Une démarcation face à la concurrence
La Boulangère peut s’enorgueillir d’un chiffre d’affaires de 500 millions d’euros en 2024, avec une progression qui se veut régulière, de 3 à 4 % par an. Mais dans son secteur de la boulangerie industrielle, la Boulangère est loin d’être le seul mastodonte. Elle est accompagnée sur les étalages de marques comme Harrys créée en 1970 à Châteauroux (une filiale du groupe italien Barilla, qui affiche 4,7 milliards d’euros de chiffre d’affaires en 2023). Ou encore de Jacquet, créé en 1985 à Paris, qui s’établit à 380 millions d’euros de chiffre d’affaires en 2024. Face à cette concurrence, La Boulangère cherche à se démarquer avec cette gamme sans sucres ajoutés. "Nous sommes arrivés dans un second temps sur le marché, et se distinguer est donc un point essentiel", lance Christophe Aillet, directeur général de La Boulangère.

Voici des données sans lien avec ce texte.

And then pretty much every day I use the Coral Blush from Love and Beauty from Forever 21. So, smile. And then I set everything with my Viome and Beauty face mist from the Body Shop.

Pionnier sur les produits bio
La Boulangère espère aujourd’hui atteindre le même succès avec ces nouveaux produits sans sucres, que celui qu’elle a pu connaître avec sa gamme bio lancée en 2001. "À cette époque, on m’a rétorqué que c’était un pari fou", se remémore le directeur général. La gamme bio représente aujourd’hui un tiers du chiffre d’affaires de La Boulangère. Une proportion aujourd’hui stable. "Mon rêve aurait été d’atteindre les 50 %. Nous étions sur la bonne voie avant la guerre en Ukraine, mais le bio a connu un déclin, notamment avec l’inflation. Néanmoins, à l’heure où de nombreux produits bio sont boudés, les viennoiseries et pains bio ont continué de croître sur leurs marchés car ils restent à des prix accessibles", analyse Christophe Aillet. La Boulangère se veut aujourd’hui leader sur le segment bio, avec 70 % de part de marché.
"Ce sachet est détruit en 3 à 4 mois, au lieu de 400 ans pour le plastique"

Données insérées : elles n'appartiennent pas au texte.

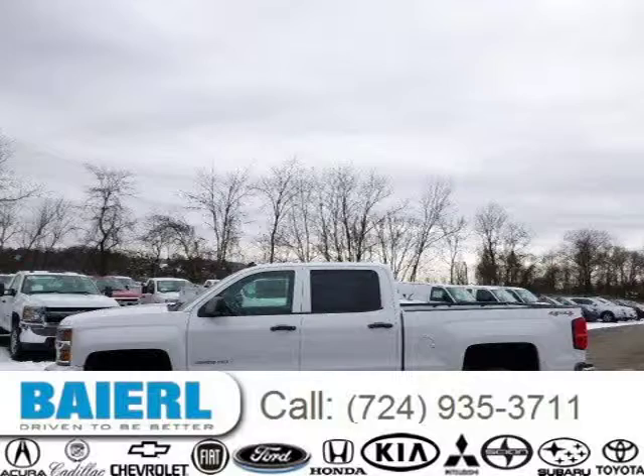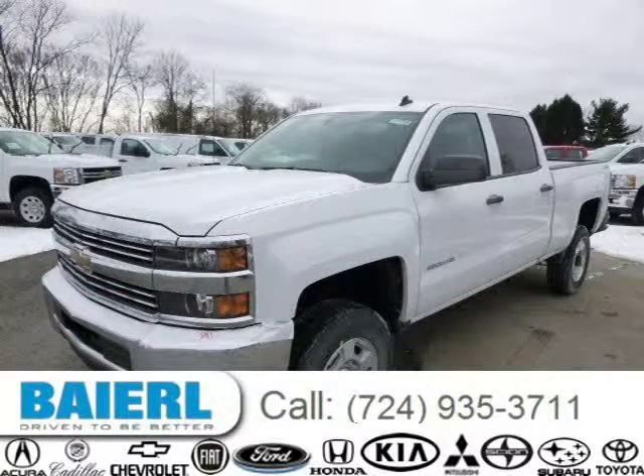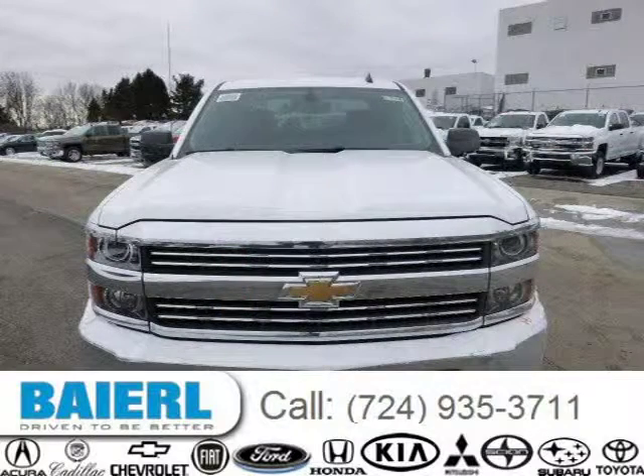This 2015 Chevrolet Silverado 2500 HD pickup is located in Wexford, Pennsylvania and has 3 miles on it. This Chevrolet Silverado 2500 HD has a beautiful Summit White exterior paint color which is complemented by a Jet Black interior color.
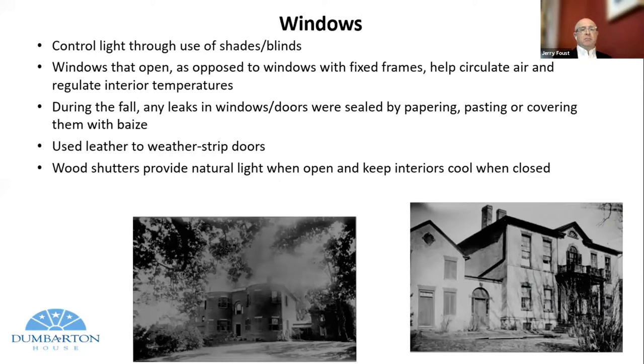Controlled light through the use of shades and blinds — they aren't just beautiful things, although the aesthetic is part of it. They also controlled heat transfer and light. Windows that open as opposed to fixed windows helped circulate air and regulate interior temperatures. During the fall, leaks around windows and doors were sealed by papering or pasting. Leather stripping was often used around doors and windows. Wood shutters provided natural light when open and kept the interior cool when closed — something we still do today at Dumbarton House with our wood shutters.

Est-ce que le marché sera à nouveau au rendez-vous pour ces nouveaux produits sans sucres ajoutés ? "C’est à nous, industriels, de faire le marché, en suivant les tendances. Aujourd’hui, il faut faire à la fois des produits sains et qui apportent du plaisir. Les produits sans sucres ajoutés sont des produits d’avenir, qui fonctionnent déjà bien", estime le dirigeant.
Un sachet compostable
Au-delà de l'aspect sain du contenu des produits, La Boulangère travaille aussi sur les contenants. Mis au point en collaboration avec une start-up bretonne, gardée confidentielle, elle vient de commercialiser un emballage fabriqué à partir de coproduits végétaux (maïs, canne à sucre, etc.). "Ce sachet est détruit en 3 à 4 mois… au lieu de 400 ans", sourit Christophe Aillet. Pour l’instant cantonné à un seul pain, bio et aux graines de lin, cet emballage apporte néanmoins des contraintes industrielles, avec un prix final plus élevé. Mais le dirigeant espère qu’à plus long terme, la future démocratisation de ce type d’emballage puisse atténuer ce surcoût.
Deux nouvelles lignes de production
En parallèle de la R & D, la Boulangère ne lésine pas non plus sur les outils industriels. L’année dernière, l’entreprise a investi dans deux nouvelles lignes de production, pour un coût de 10 à 15 millions d’euros pour chacune. Elles sont situées dans l’usine de Chaize-le-Vicomte, près de la Roche-sur-Yon, qui a été inaugurée en 2019. À la clé, 60 nouveaux postes ouverts, sur un site qui comptait déjà 150 salariés. Cette usine est la septième du groupe, et la quatrième sur le territoire vendéen. À terme, elle pourrait être la plus grosse usine de la Boulangère, car il y a la place et du terrain autour pour de potentiels agrandissements. Mais concentrer ses activités en Vendée, dans un département où le taux de chômage est plus faible qu’ailleurs, peut aussi avoir des inconvénients. "Nous avons du mal à trouver des conducteurs de ligne expérimentés", regrette Christophe Aillet. Niveau recrutement, La Boulangère a donc encore du pain sur la planche.